Par exemple, je reprends l’affaire du Professeur Raoult. Pourquoi est-ce que Didier Raoult a rapidement perdu de son crédit ? Parce que les plus grandes autorités scientifiques en médecine ont dit qu’il faisait n’importe quoi en termes de protocole, qu’il ne respectait aucune des règles scientifiques en vigueur dans tous les laboratoires du monde. Il s’est discrédité, non pas auprès du public,- il a encre une grosse cote chez certains et n’oublions pas que le président de la République est allé le voir — , mais il s’est discrédité rapidement auprès des autres savants, c’est-à-dire des chercheurs et des médecins, qui l’ont vertement critiqué.

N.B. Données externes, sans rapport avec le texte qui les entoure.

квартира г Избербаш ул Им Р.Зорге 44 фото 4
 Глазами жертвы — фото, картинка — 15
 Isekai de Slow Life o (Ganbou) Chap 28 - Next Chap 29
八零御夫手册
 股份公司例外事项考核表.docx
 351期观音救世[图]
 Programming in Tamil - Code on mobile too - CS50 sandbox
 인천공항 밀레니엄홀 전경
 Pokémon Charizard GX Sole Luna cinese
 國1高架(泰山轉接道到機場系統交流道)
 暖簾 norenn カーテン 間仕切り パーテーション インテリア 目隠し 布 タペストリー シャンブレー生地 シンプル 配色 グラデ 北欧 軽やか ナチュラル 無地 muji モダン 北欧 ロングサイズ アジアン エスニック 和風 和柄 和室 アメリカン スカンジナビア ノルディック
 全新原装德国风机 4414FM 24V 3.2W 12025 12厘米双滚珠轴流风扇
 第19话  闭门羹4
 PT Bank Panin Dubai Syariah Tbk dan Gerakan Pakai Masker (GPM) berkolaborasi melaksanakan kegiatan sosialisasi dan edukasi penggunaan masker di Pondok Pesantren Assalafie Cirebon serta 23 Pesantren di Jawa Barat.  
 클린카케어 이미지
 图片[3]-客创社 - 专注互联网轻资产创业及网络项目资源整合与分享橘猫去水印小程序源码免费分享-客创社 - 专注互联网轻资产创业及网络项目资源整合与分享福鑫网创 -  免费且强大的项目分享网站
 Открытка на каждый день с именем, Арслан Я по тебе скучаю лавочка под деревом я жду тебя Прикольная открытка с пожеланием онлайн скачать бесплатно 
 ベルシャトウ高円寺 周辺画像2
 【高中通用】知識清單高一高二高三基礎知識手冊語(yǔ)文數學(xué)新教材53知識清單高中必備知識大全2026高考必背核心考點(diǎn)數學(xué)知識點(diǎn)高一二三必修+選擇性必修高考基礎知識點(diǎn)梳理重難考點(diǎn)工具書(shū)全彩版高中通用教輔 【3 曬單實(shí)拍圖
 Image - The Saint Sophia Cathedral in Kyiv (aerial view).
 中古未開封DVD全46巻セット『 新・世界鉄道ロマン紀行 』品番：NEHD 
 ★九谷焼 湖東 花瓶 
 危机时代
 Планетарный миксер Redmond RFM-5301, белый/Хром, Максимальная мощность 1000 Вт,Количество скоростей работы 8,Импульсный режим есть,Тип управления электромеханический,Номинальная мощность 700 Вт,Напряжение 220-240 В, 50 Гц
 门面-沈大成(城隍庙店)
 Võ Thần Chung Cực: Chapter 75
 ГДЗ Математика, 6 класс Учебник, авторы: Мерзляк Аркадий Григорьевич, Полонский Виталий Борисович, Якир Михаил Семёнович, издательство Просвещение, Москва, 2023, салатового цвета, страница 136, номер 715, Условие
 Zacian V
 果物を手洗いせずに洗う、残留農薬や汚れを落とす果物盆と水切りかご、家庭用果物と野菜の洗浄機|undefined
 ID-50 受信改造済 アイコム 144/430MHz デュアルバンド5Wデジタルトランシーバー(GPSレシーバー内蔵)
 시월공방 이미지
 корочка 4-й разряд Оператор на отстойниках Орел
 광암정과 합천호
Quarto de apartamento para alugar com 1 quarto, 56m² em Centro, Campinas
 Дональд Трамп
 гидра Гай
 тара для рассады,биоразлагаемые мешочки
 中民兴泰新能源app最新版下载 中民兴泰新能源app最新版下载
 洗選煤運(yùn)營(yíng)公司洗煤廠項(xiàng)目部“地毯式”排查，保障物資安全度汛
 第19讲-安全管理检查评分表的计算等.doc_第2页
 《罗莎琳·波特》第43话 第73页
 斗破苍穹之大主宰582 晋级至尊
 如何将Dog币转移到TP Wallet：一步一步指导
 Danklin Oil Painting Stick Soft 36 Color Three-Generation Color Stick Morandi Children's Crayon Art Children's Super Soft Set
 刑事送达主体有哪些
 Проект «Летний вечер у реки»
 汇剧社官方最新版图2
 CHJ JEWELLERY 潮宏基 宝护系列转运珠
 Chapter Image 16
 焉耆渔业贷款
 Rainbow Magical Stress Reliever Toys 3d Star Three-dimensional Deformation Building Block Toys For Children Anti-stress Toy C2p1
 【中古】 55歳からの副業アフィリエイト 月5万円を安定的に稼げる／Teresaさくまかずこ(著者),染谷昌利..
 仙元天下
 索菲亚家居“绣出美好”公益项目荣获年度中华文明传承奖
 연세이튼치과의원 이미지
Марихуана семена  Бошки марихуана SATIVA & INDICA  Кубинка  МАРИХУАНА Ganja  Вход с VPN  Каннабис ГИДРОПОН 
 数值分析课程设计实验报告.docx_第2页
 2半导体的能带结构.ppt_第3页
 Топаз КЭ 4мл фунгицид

Donc, vous voyez bien que là, ce n’est pas un contrôle du haut qui va faire le travail, mais c’est bien le contrôle réputationnel des savants eux-mêmes, qui opère en montrant que leur collègue marseillais a contrevenu aux préceptes méthodologiques de sa profession. 

Pour autant, on a pu voir que les universitaires, du moins, les collègues de M. Raoult, ont eu beaucoup de mal à inverser la tendance, et à faire comprendre aux gens que Monsieur Raoult disait des choses peu crédibles. De plus, ce sont ces résultats complètement faux que les gens croient toujours, comme si la communauté scientifique n’arrivait pas à s’auto-administrer ?

Comment vous expliquez le fait qu’il reste encore une partie de la population qui n’est pas vaccinée, dont certains ne veulent absolument pas se faire vacciner ? Parce que ces gens-là mettent systématiquement en doute, le discours de la science. C’est effectivement inquiétant. On ne peut pas dire plus. On a maintenant le même phénomène dans tous les pays du monde, même en France, qui semble être moins touchée, parce qu’on a moins de manifestations des gens hostiles aux mesures sanitaires qu’en Autriche, aux-Pays-Bas. En Allemagne, il y a eu des réactions extrêmement violentes. La France est touchée, comme les autres pays, par le scepticisme des citoyens à l’égard de la science. C’est un fait, malheureusement, qu’on doit constater.